Nunca lo ocultó y, dice, lo descubrió muy tempranamente.

- Uno siente sus impulsos y yo nunca traté de censurarlos. Desde pequeño sentí que me gustaban los hombres.

Sus amigos supieron de su propia voz siempre que es homosexual. Y, dice, no encontró grandes problemas al respecto.

Había un aire de progresismo, de renuncia al conservadurismo de la generación anterior, y él encajó en ese aire.

- Y nunca lo negué, nunca me encerré en el clóset, así que nunca tuve que salir de él. Yo no he tenido problemas con mi homosexualidad, pero sé que muchas personas los tuvieron y los siguen teniendo.

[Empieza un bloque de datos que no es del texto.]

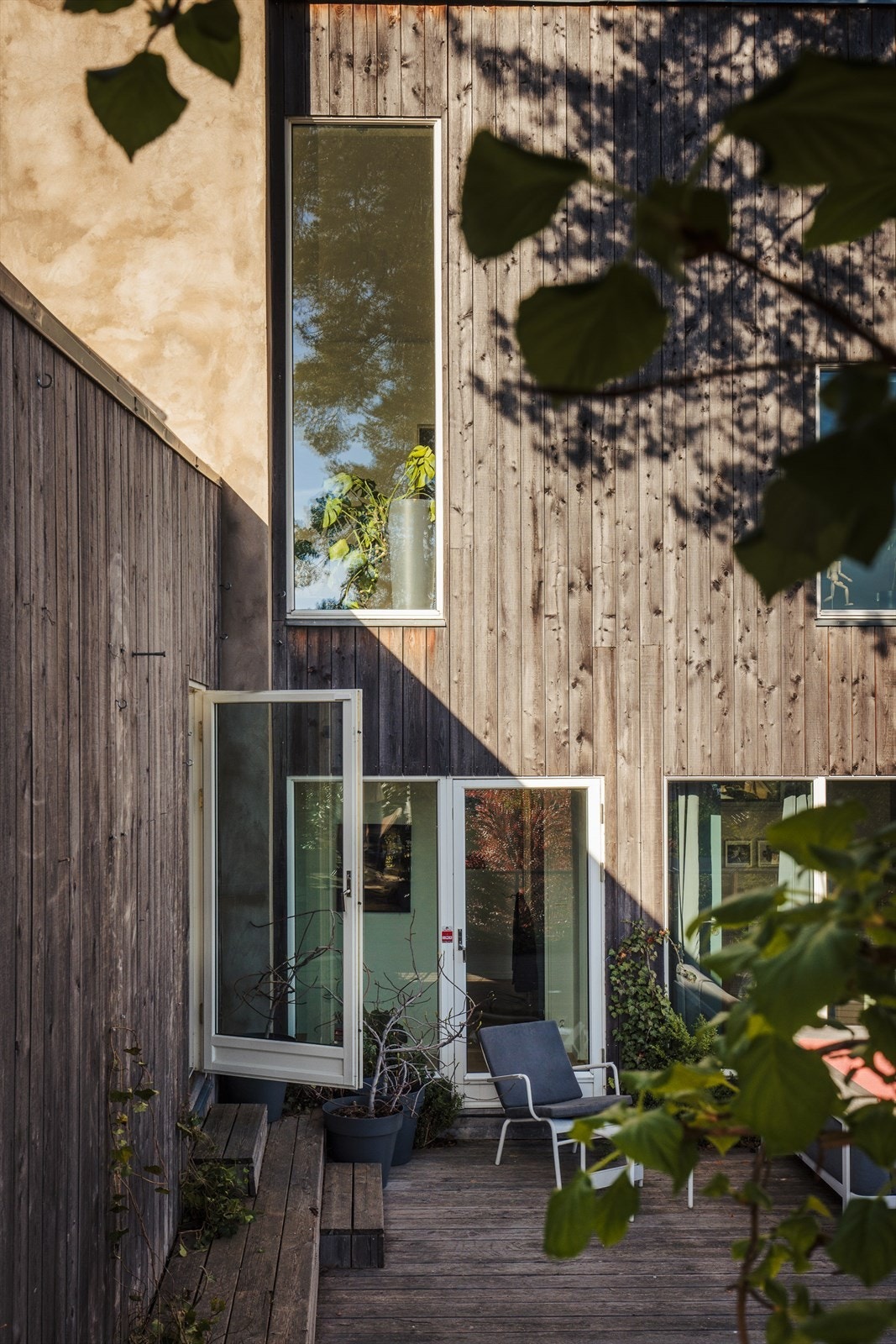 Boligen har en høyreist utforming, men er samtidig perfekt tilpasset tomten og miljøet rundt. Galleribilde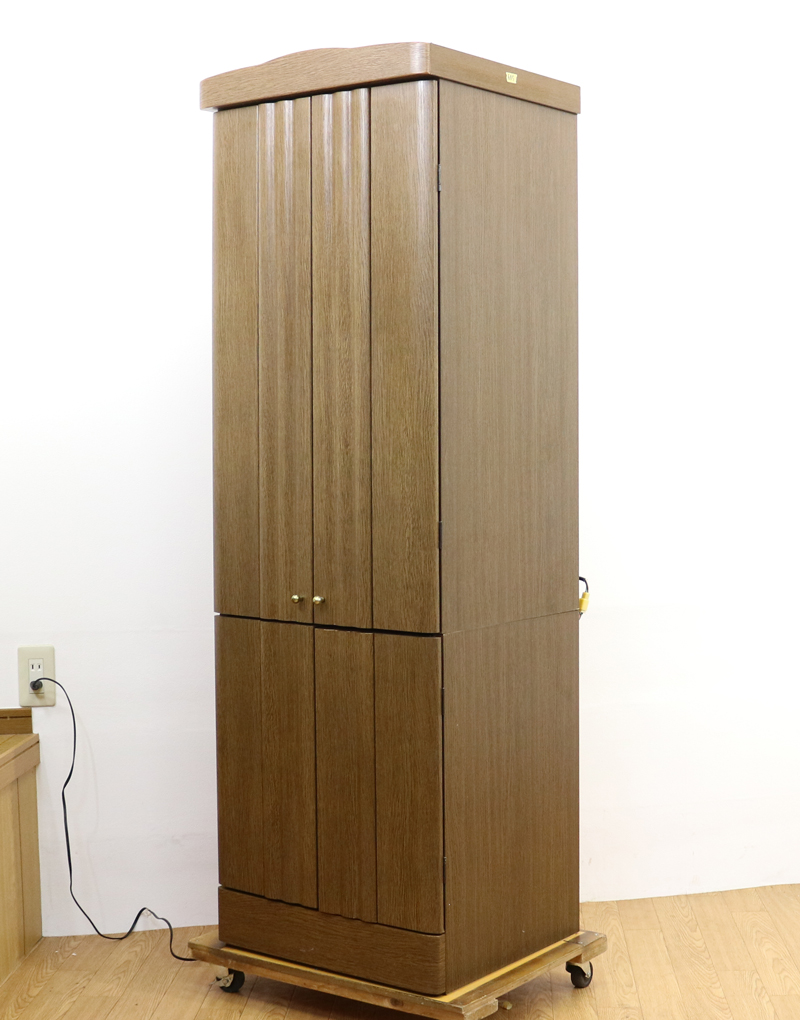 大変お待たせいたしました!  家具調電動仏壇　中古610　発売いたしました!  こちらのお仏壇は、クリーニングメンテナンス・電動機械の調整済みです。  明るいチーク色のお仏壇ですのでお部屋に溶け込みます。  男子部・女子部・青年部・学生部の方におすすめです!  独立・新入会・進学・一人暮らし、また新居に引っ越しの方も是非ご検討くださいませ。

Políticamente somos un país diverso, que se supone que en su ley no es racista. Pero en la realidad este país y el mundo es profundamente racista y homofóbico y clasista. Pero bueno, la comunidad lgbt está luchando y ganando batallas, y eso es importante.

Mientras habla, Miguel me enseña algunas de las innumerables pequeñas obras de arte que llenan la sala de su casa: una pintura india hecha con un pincel de un solo pelo; tres máscaras africanas, varios objetos de arte colonial, un grabado de Rembrandt, un cuadro de Oswaldo Guayasamín, una pintura rusa del siglo XVII, una escultura de Negret. También hay una carátula de The Rolling Stones en su más reciente concierto en París y un póster del contratenor alemán y cantante de rock Klaus Nomi. En otro cuarto tiene el autógrafo de Jean Cocteu y el de José Asunción Silva, y una biblioteca en la que se puede encontrar desde la Historia de Europa Moderna hasta la obra novelística de los rusos del siglo XIX.

A Germán, su pareja - el príncipe azul completo - se lo presentó un amigo en común. Días después de su intento de suicidio, en Cali, salió a una exposición de arte en la que se conocieron. Al día siguiente llamó a su amigo, le pidió el número de Germán y - cosa que nunca había hecho hasta entonces, llamar a un desconocido para invitarlo a salir - lo llamó, le dijo que, si quería, podían tomarse un café.

- Luego, lo más difícil fue lograr que decidiera vivir conmigo. Pero lo hicimos y desde entonces estamos juntos.

- El amor, la felicidad...

- Sí, el amor, que se convierte en experiencias juntos, en recuerdos que se atesoran, en la compañía, en disfrutar de momentos sencillos. Y claro, en disfrutar del arte juntos, en amarlo juntos.

Y esas experiencias son tanto una tarde escuchando una presentación de la ópera ‘Otelo’ de Verdi, o un concierto de Metallica en el Madison Square Garden o un recital de Madonna.

No hay nada qué hacer.

Miguel es un amante irredento del espectáculo.